#### Exercise aim
Output only the lines from the line holding "Apartment kitchen with" through the close of the records, exactly as they appear, with all pictures omitted.

#### Provided entries

%%

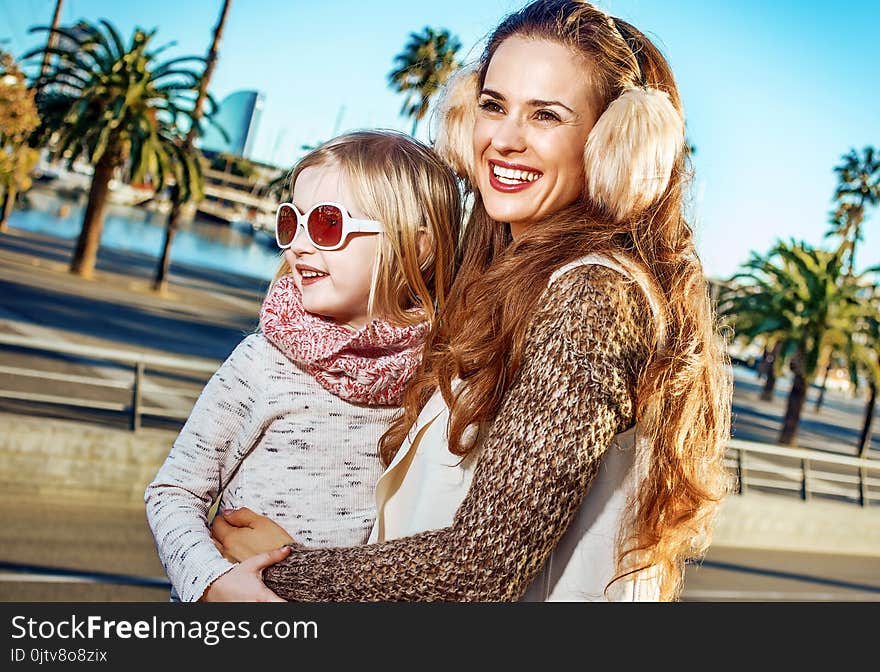 Happy mother and daughter travellers looking into distance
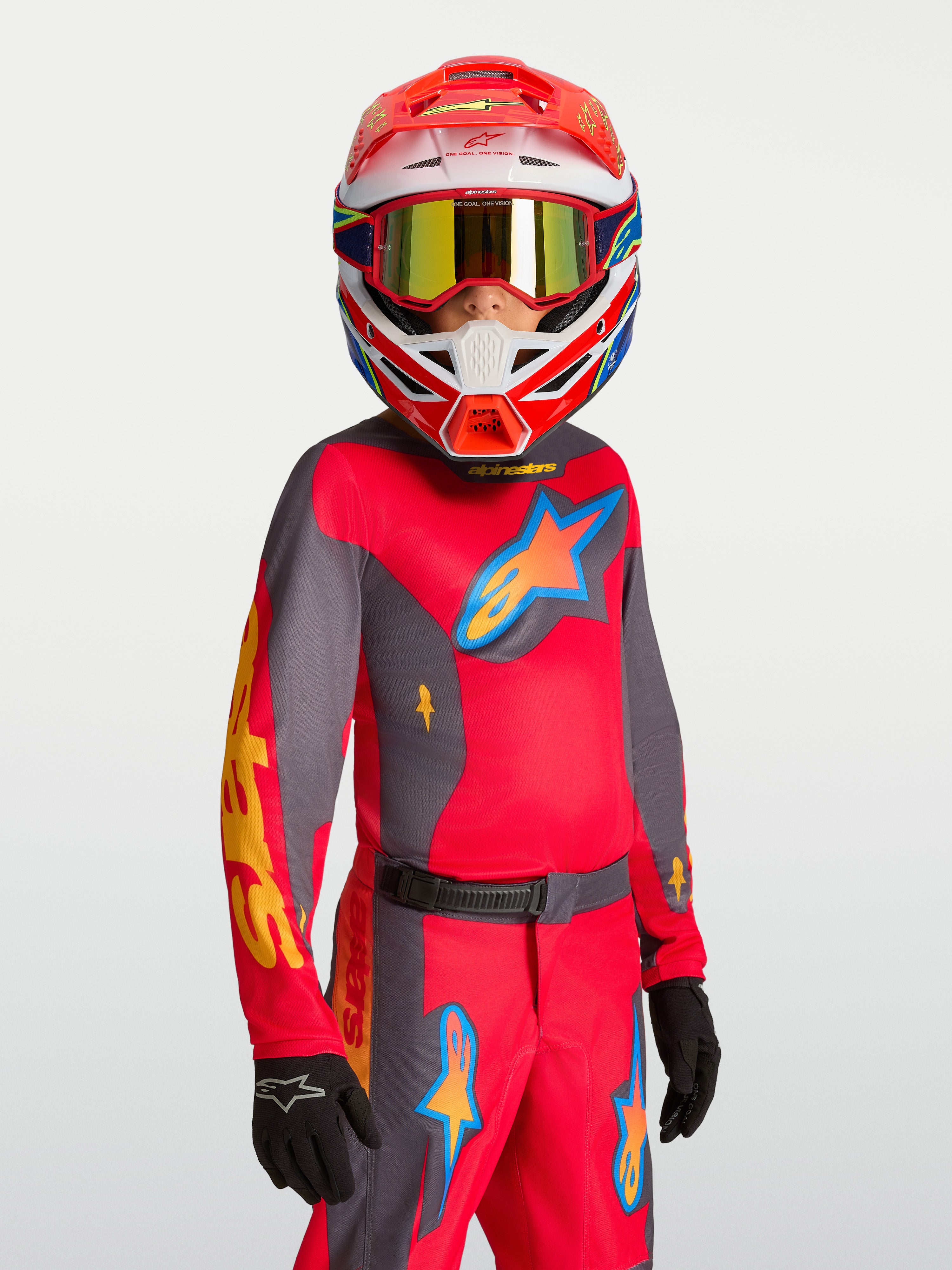 Alpinestars maillot Fluid Hunt Junior 2027, maillot de motocross rouge et gris pour enfant, respirant évacuant l'humidité.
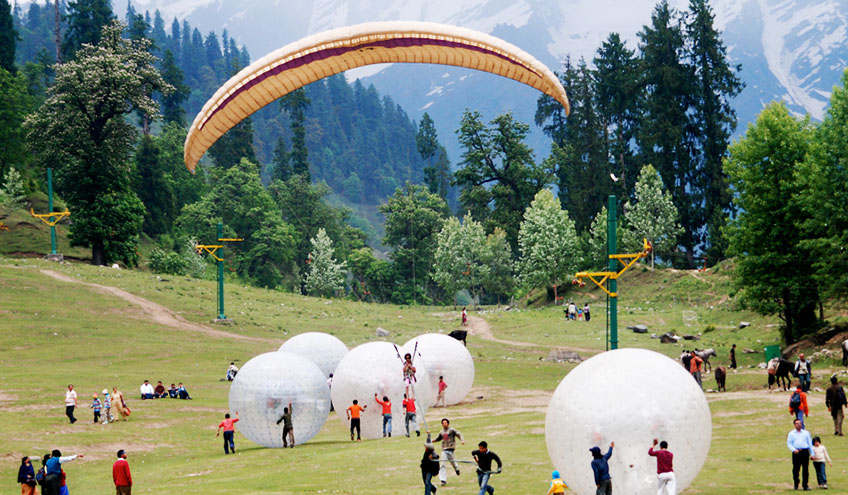 People joyfully playing with large balloons and parachutes in Manali, creating a festive and lively atmosphere.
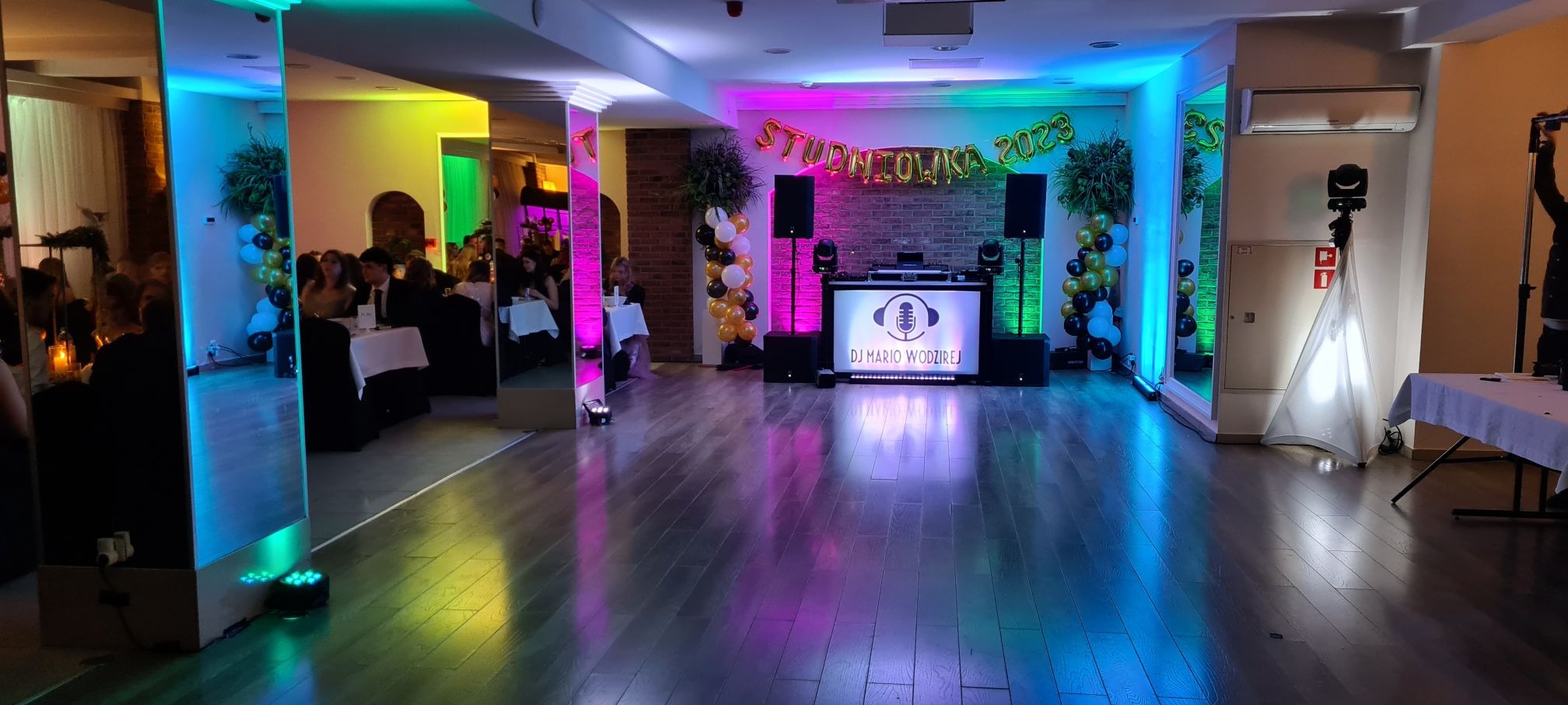 Sala studniówkowa w Bydgoszczy z dekoracjami balonowymi w kolorach czarnym, białym i złotym, oświetleniem LED w odcieniach różu, zieleni i niebieskiego oraz stanowiskiem DJ-a z napisem 'DJ Mario...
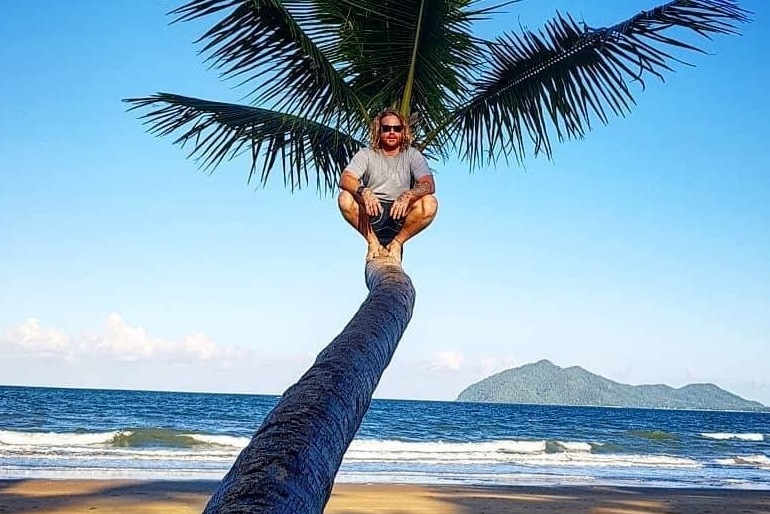 Mr Thomson sits mid-way up a palm tree on the beach with ocean in the background.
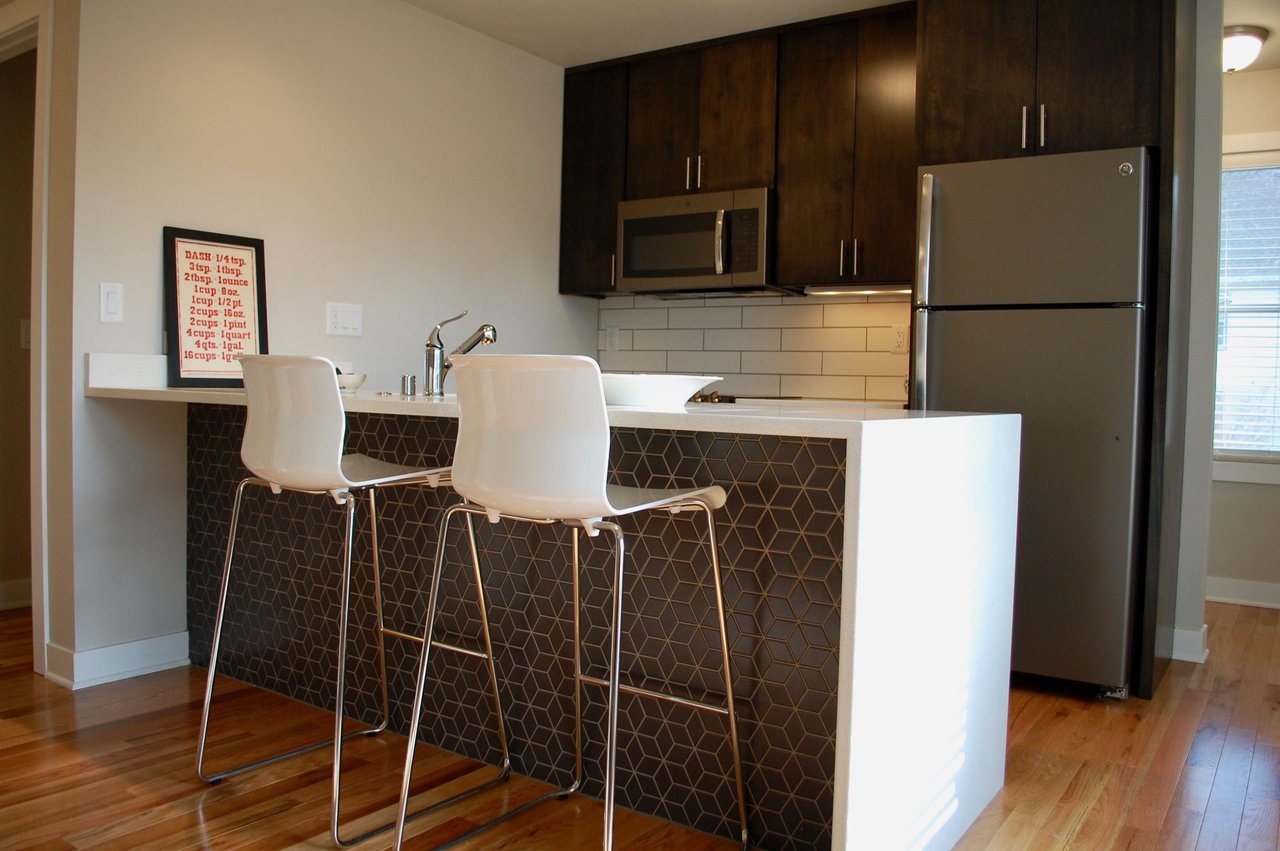 Apartment kitchen with dark cabinets, stainless steel appliances, and a breakfast bar with two white stools.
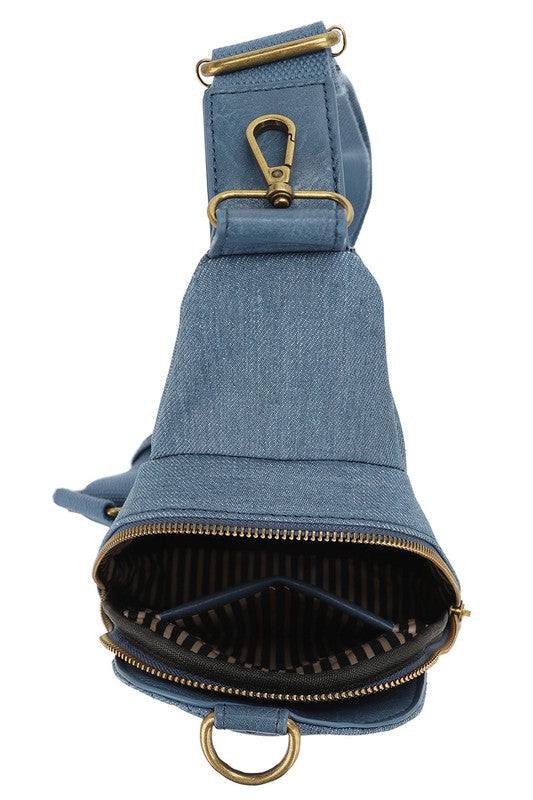 Chevron Quilted Denim Sling BagChevron Quilted Denim Sling Bag Denim canvas Faux vegan leather Zip top closure Antique Gold-tone hardware Adjustable shoulder strap L 7.5 * H 12.5 * W 3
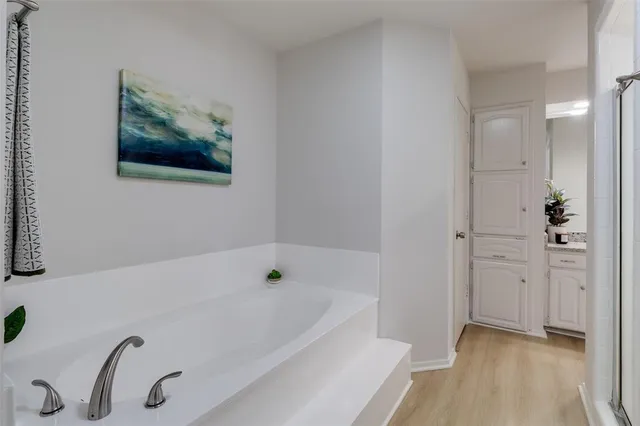 a bathroom with a tub and shower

%%

#### Exercise response
 Apartment kitchen with dark cabinets, stainless steel appliances, and a breakfast bar with two white stools.
 Chevron Quilted Denim Sling BagChevron Quilted Denim Sling Bag Denim canvas Faux vegan leather Zip top closure Antique Gold-tone hardware Adjustable shoulder strap L 7.5 * H 12.5 * W 3
 a bathroom with a tub and shower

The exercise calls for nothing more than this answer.